--- GIVEN RECORDS ---

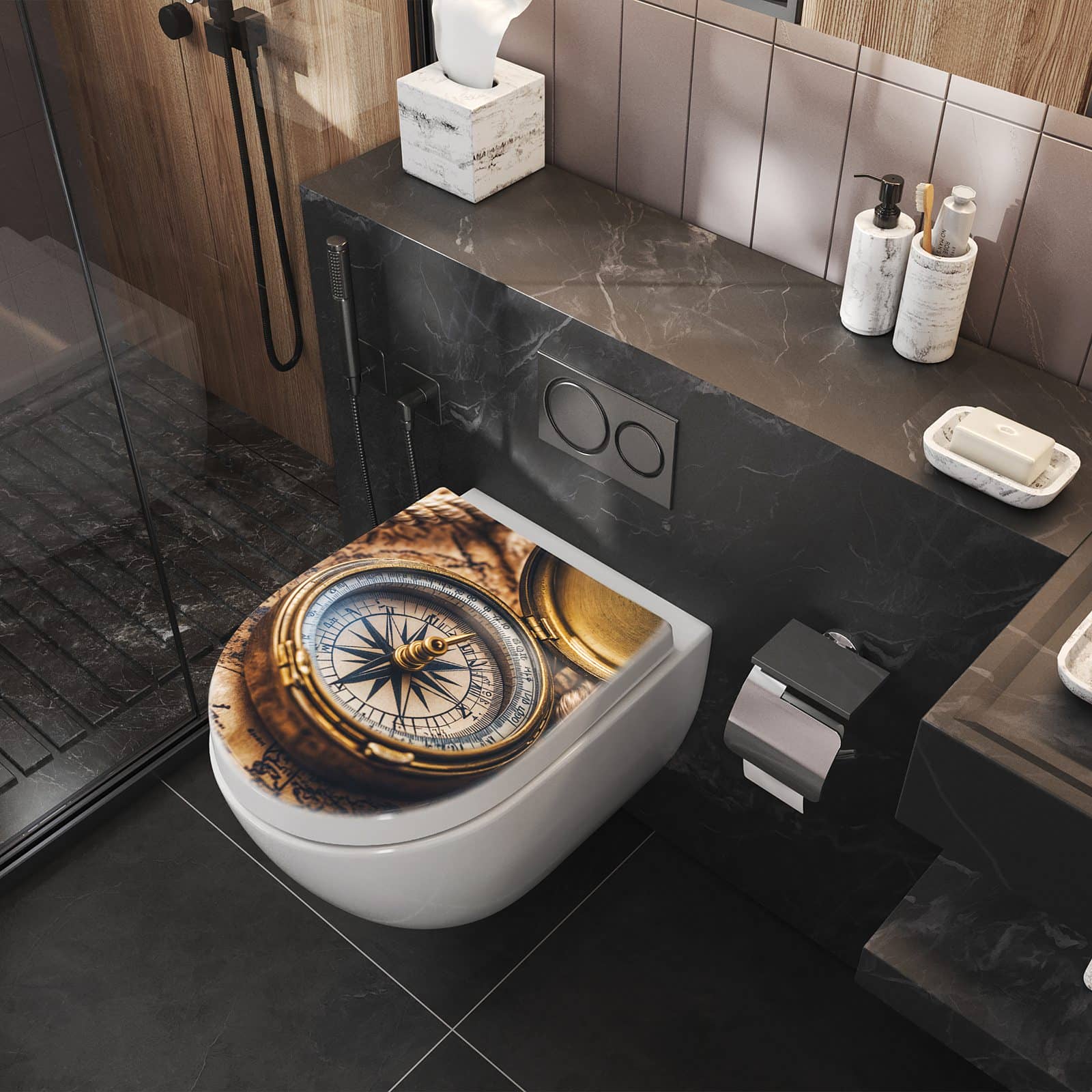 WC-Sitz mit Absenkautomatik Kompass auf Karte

---
--- GIVEN RECORDS ---

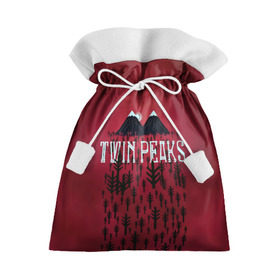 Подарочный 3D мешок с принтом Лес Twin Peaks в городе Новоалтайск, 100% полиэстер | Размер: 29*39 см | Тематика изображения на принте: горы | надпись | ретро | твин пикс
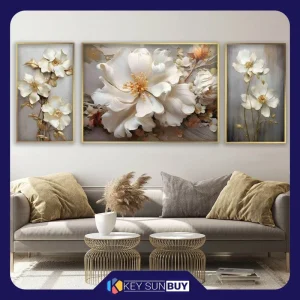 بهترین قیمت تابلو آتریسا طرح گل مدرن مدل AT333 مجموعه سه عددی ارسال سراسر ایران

---

_WHAT IS EXPECTED_
In the entries above, find the line containing "Подарочный 3D мешок" and the line containing "بهترین قیمت تابلو", then copy both and every line between them exactly, without any picture.

_EXERCISE ANSWER_
 Подарочный 3D мешок с принтом Лес Twin Peaks в городе Новоалтайск, 100% полиэстер | Размер: 29*39 см | Тематика изображения на принте: горы | надпись | ретро | твин пикс
 بهترین قیمت تابلو آتریسا طرح گل مدرن مدل AT333 مجموعه سه عددی ارسال سراسر ایران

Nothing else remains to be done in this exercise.